Probably the most gratifying shift in the War for the West is that our side is finally starting to fight it. That this has not been the case for years has accrued deeply to our detriment. The contributing factors to such previously ingrained ennui are several: fear, apathy, and an inward focus on work and family, primarily. Though miscalculation, rationalized almost certainly by the elements above, has also played a role.
One of the more prolific political miscalculations on the right has been the thought that leftist positions, and the bearded ladies who espouse them are self-defeating. That is to say, their statements and presenters are so unpalatable that the public will reject them, even with opposition in absentia.
This has not only proved to be completely erroneous in reality, but it doesn’t even work in theory. The vast bulk of the bell curve do not generate their own philosophical paradigms. Rather, they choose a spot somewhere on the narrow ledge of acceptable opinion based largely according to the inputs they receive. When those political inputs are monopolistic, opinions will accumulate upon them like bot flies on cow manure. This is simply how the human psyche works, and only severe sociopaths are entirely immune from it. In sum, only the mouths get the ears.
So liberalism has proliferated like black mold everywhere the right has ceded the field–which is to say everywhere but the Internet. And thank God for that last redoubt. It’s been a critical incubator for models, ideas, memes, and themes in the absence of practically every traditional institution. But the Internet will always be just an ideological supply-train; the front lines are drawn in real life. The fact that they are actually starting to be manned is an extremely heartening development.

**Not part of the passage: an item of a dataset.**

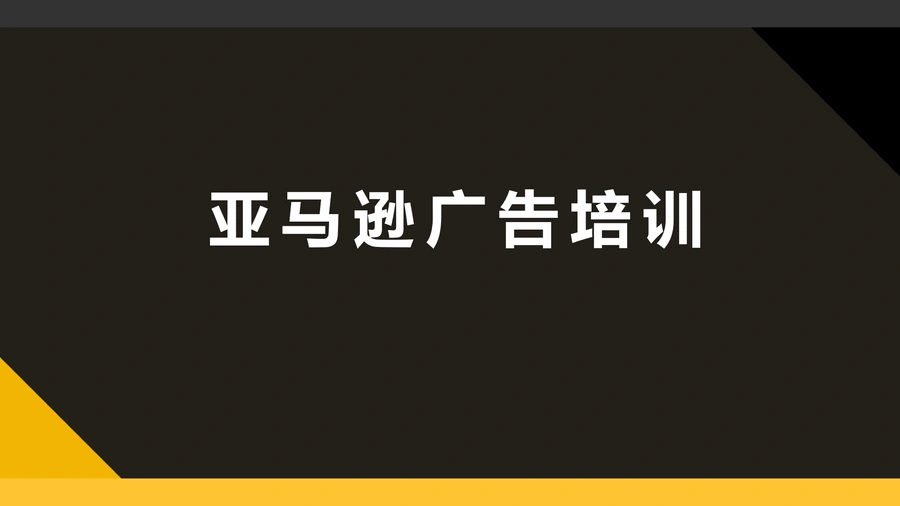 亚马逊广告优化与投放策略指南-22页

Historically the left’s antifa drone swarms could effect discretionary denial of their opposition largely unopposed. They simply attacked without punishment, and conservatives fled without protection. To their masters’ credit, the black balaclavas understood that taped mouths attract no ears. But that standard is quickly changing.

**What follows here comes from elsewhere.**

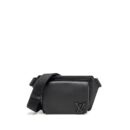 AAA Replica Louis Vuitton LV AEROGRAM TAKEOFF SLING BLACK GRAINED CALFSKIN BLACK HARDWARE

As the recent Battle of Berkeley no doubt stung them to realize, tails aren’t just for tucking in right-wing hindquarters. Seemingly from nowhere, the people who actually put kale and quinoa on the plates of seventh-year sociology students emerged to smash them in the face. The pack animals lunged into a stronger pack.

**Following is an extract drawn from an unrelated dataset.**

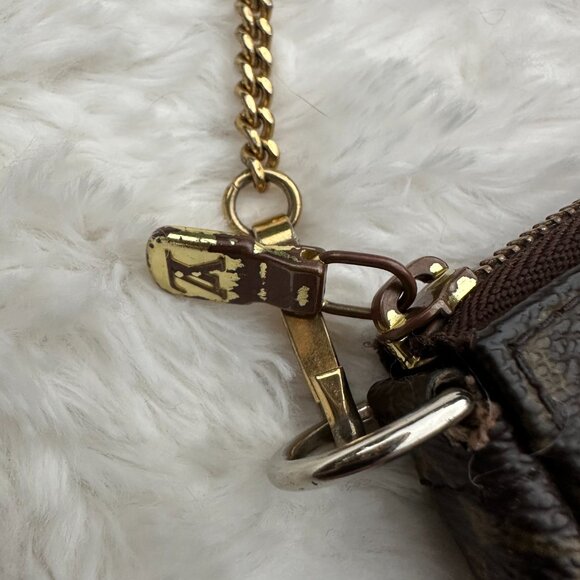Louis Vuitton Monogram Mini Pochette Dust Bag with Certificate of Authenticity - Picture 4 of 15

A similar, though much smaller, event just occurred at Auburn University, where Richard Spencer’s speech was scheduled for obliteration until another phalanx assembled to scatter the trans-purple-hairs again.
If this continues, as momentum clearly suggests, the left’s speech monopoly is in real danger of disruption. And that means competitive inputs into the public’s eyes and ears. This puts the bolsheviks in real jeopardy. Blacks don’t like them because they are mostly white, and whites don’t like them because they are viscerally repellent. Since their optics are as psychopaths with pierced septums, they are quite unintentionally legitimizing the dissident right forces publicly arrayed against them. When two people are talking, appearances and words suddenly matter a great deal.
This is to say that those men with real jobs, batting helmets, and flag shirts are creating physical and cultural space where none previously existed. They are pushing forward by pushing back. Ideas will follow from the supply-train in their wake. Well done, boys. Godspeed.